A prime example came on election night in November when he said Donald Trump’s victory was a “whitelash”.
Now Jones is pushing for something that will make hardcore sports fans cringe en masse.
Van Jones believes it’s the responsibility of professional athletes to be more vocal about politics because they have a big platform.
Monday on “The Rich Eisen Show,” CNN commentator Van Jones said that professional athletes should use their platforms in the political world.
“Do you think athletes should be more vocal than they are?” host Rich Eisen asked.
Jones responded, “Of course. On both sides, on all issues.”
“Democracy is not about the politicians, democracy is about the people,” he explained. “It doesn’t matter who you are. Just because you can throw a football well doesn’t mean you stop being a citizen, doesn’t mean you stop being a human being, doesn’t mean you stop being a parent. All of us are supposed to speak out.”
The candid camera exposé Project Veritas caught Jones calling the Trump-Russia story “a big nothing-burger,” but that didn’t stop him from pushing the narrative on his show.
So when Van Jones calls for athletes “on both sides” to be more outspoken, it’s hard to believe he’s being genuine.
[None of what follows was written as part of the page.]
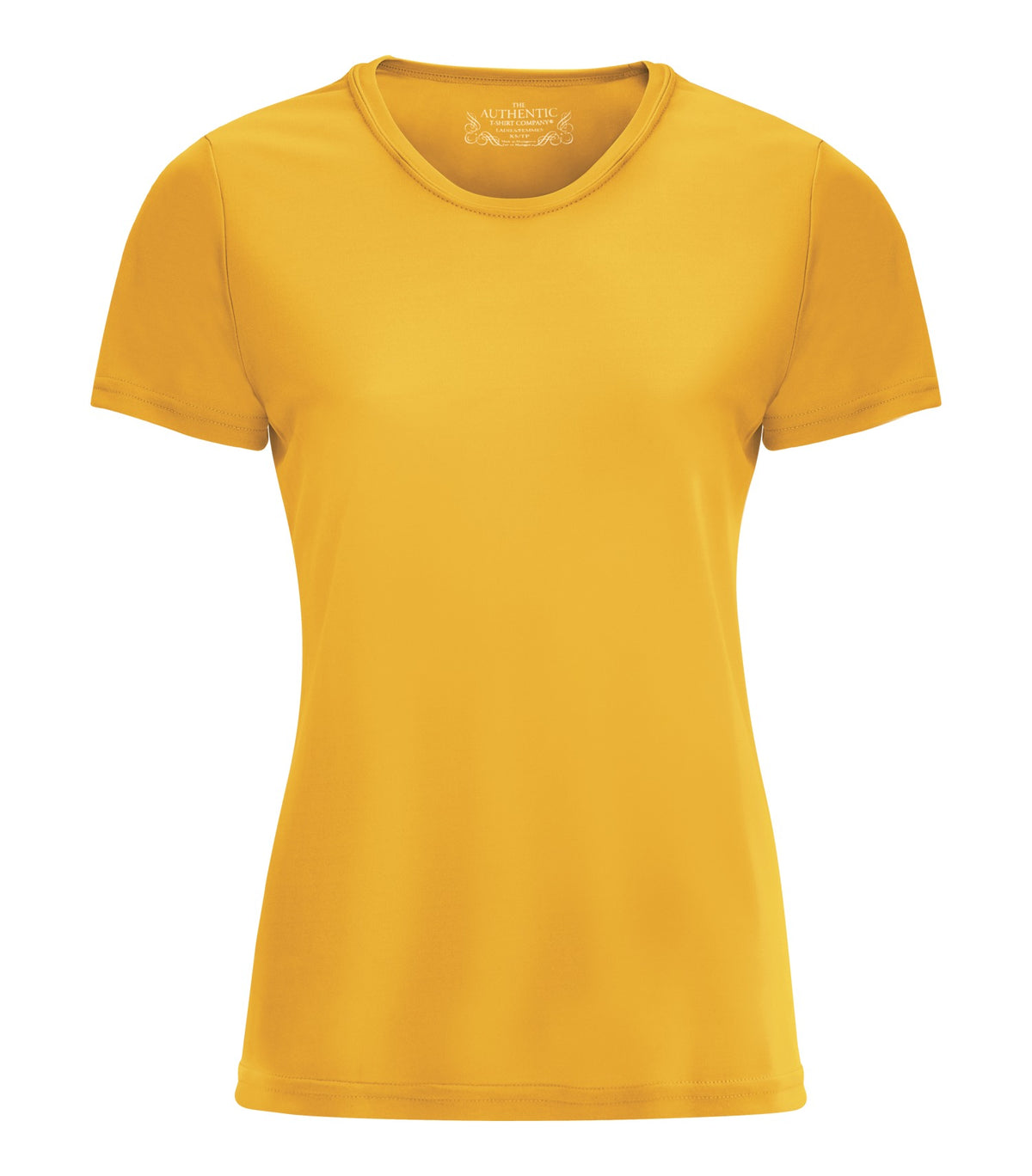 T-shirt ATC L350 Femmes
Jones would have no problem with athletes espousing progressive beliefs, but would probably take exception with vocal conservatives. Much ado was made when football player Matt Birk didn’t meet with President Obama because of his pro-life stance.
Meanwhile athletes who’ve refused to meet with Donald Trump are heralded as brave, and speaking truth to power.
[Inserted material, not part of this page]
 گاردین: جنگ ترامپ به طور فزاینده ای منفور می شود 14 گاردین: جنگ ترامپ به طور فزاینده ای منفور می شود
Jones’s call to the athletes runs counter to what sports viewers actually want.
ESPN has seen a decline in viewership for a host of reasons, one being their tilt toward progressive politics, which was essentially confirmed by ombudsman Jim Brady.
However, co-host Jemele Hill denied the charge:
“The other part of it is that we’re journalists, and people have to understand, these uncomfortable political conversations… the athletes are dragging us here. I didn’t ask Colin Kaepernick to kneel. He did it on his own. So, was I supposed to act like he didn’t?”
So political commentators like Van Jones are inciting athletes, and sports commentators like Jemele Hill coyly claim they’re just reporting the news.
Nobody is saying athletes can’t voice political opinions, and nobody is saying it shouldn’t be covered when they do.
But the agenda is clear, and the filter is biased. For example, ESPN gave Caitlyn Jenner the courage award in sports, and ESPN’s women’s sports page posted a poem written by cop-killing and escaped convict Assata Shakur, who’s lived in exile in Cuba for decades.
That vividly shows a progressive bent to the coverage.
Athletes are free to make statements about politics, but it shouldn’t be an expectation. Professional sports stars have spent incalculable hours training and practicing to reach their status.
That doesn’t make them policy experts or students of history and governance. They shouldn’t be expected to take a stand on issues just to placate someone else’s progressive agenda.